**TASK ITEM:**
For the entries below, return the line holding "Watermelon sketchy face Pin by SL blu" together with all lines after it, unchanged, and leave every picture out.

(Pictures with short captions)
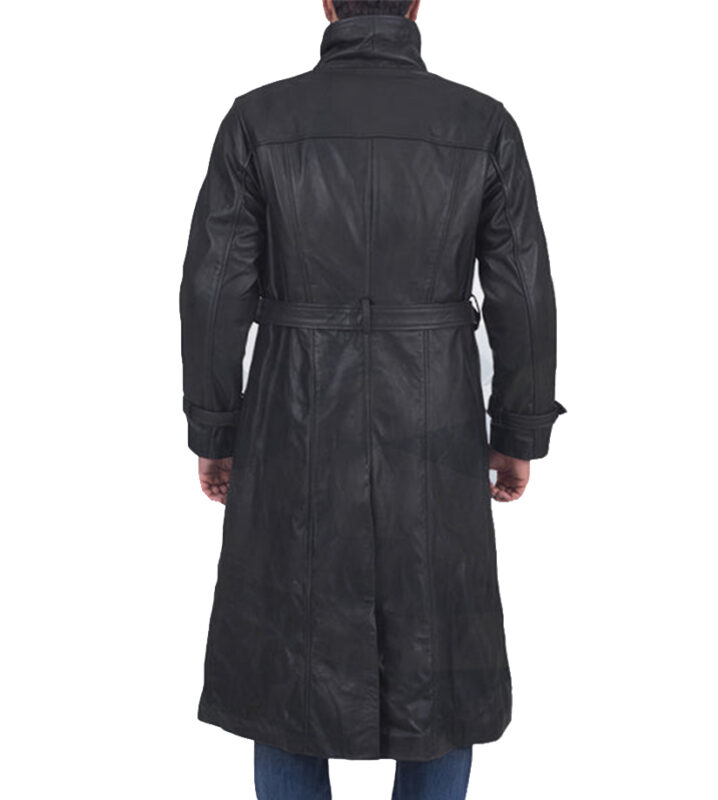 Logan Black Leather Trench Coat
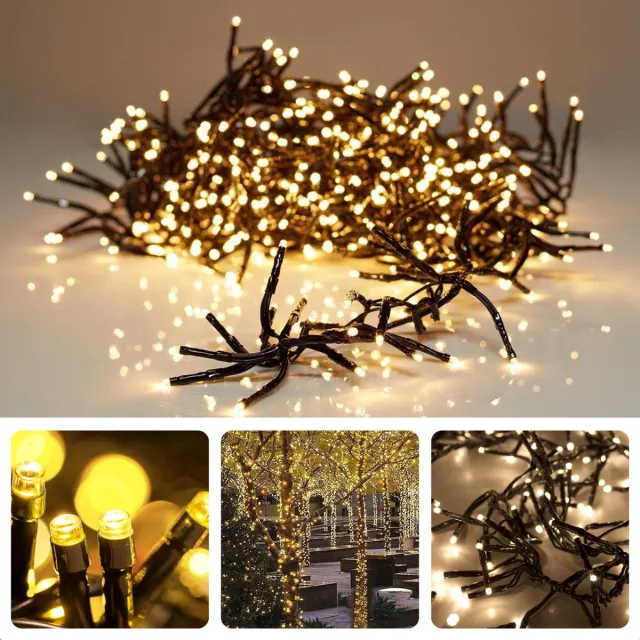 Cheqo Kerstverlichting - Kerstboomverlichting - Kerstlampjes - Clusterverlichting LED - 192 Lampjes - Timer & Lichtfuncties - 1.4M - Extra Warm Wit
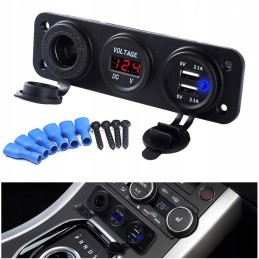 Cigarette lighter socket quad moto voltmeter 2x usb 2a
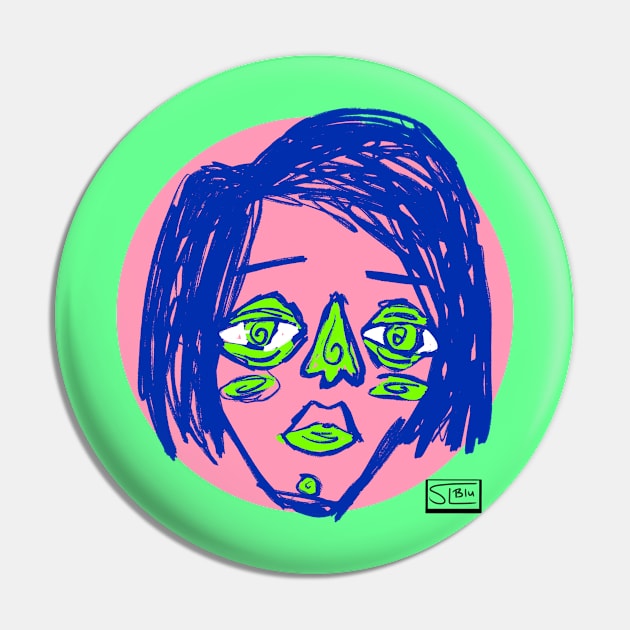 Watermelon sketchy face Pin by SL blu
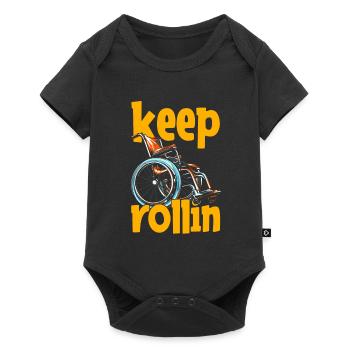 Fauteuil roulant Fauteuil roulant Drôle Keep Rollin - Body à manches courtes Premium Bébé - noir - Devant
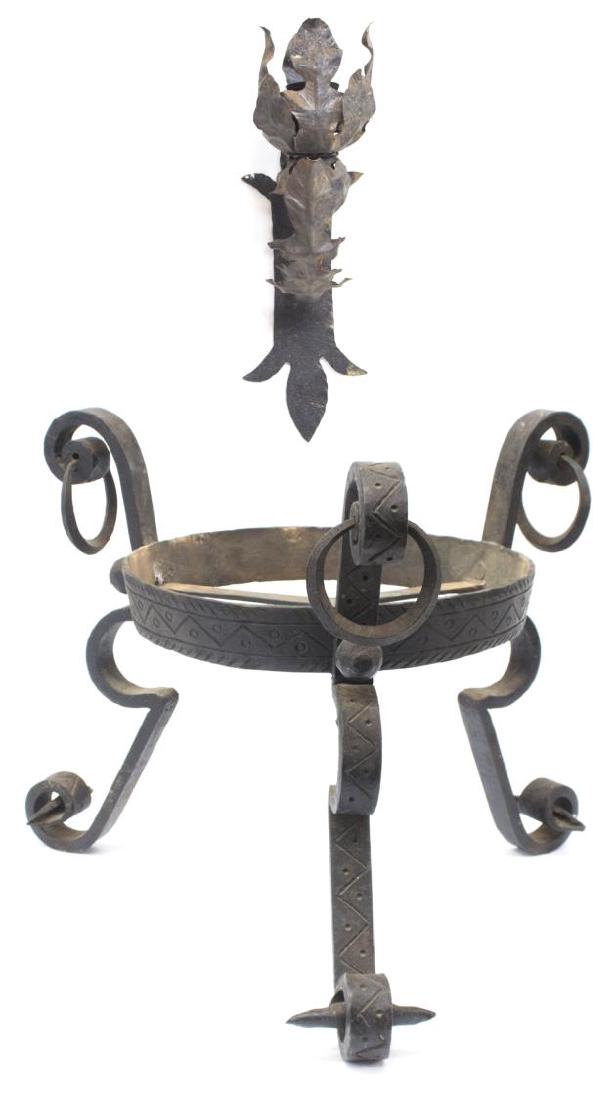 ANTIQUE CONTINENTAL SINGLE LIGHT IRON WALL SCONCE (1 of 3)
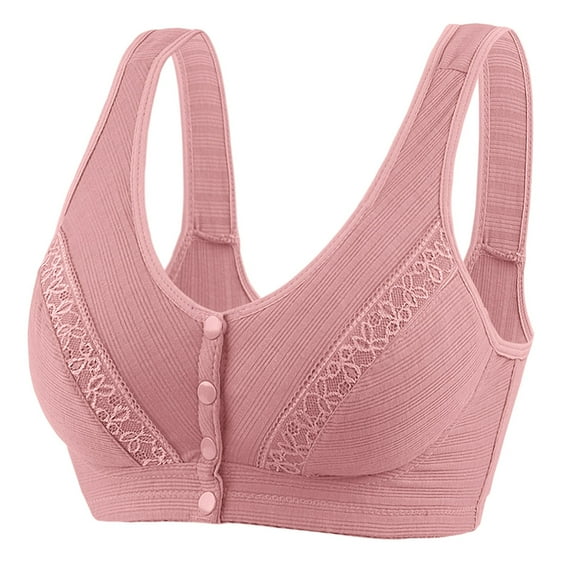 Timegard Front Closure Bras for Women Lace Wireless Comfortable Full-Coverage Wide Strap Seniors Bra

**ANSWER SPACE:**
 Watermelon sketchy face Pin by SL blu
 Fauteuil roulant Fauteuil roulant Drôle Keep Rollin - Body à manches courtes Premium Bébé - noir - Devant
 ANTIQUE CONTINENTAL SINGLE LIGHT IRON WALL SCONCE (1 of 3)
 Timegard Front Closure Bras for Women Lace Wireless Comfortable Full-Coverage Wide Strap Seniors Bra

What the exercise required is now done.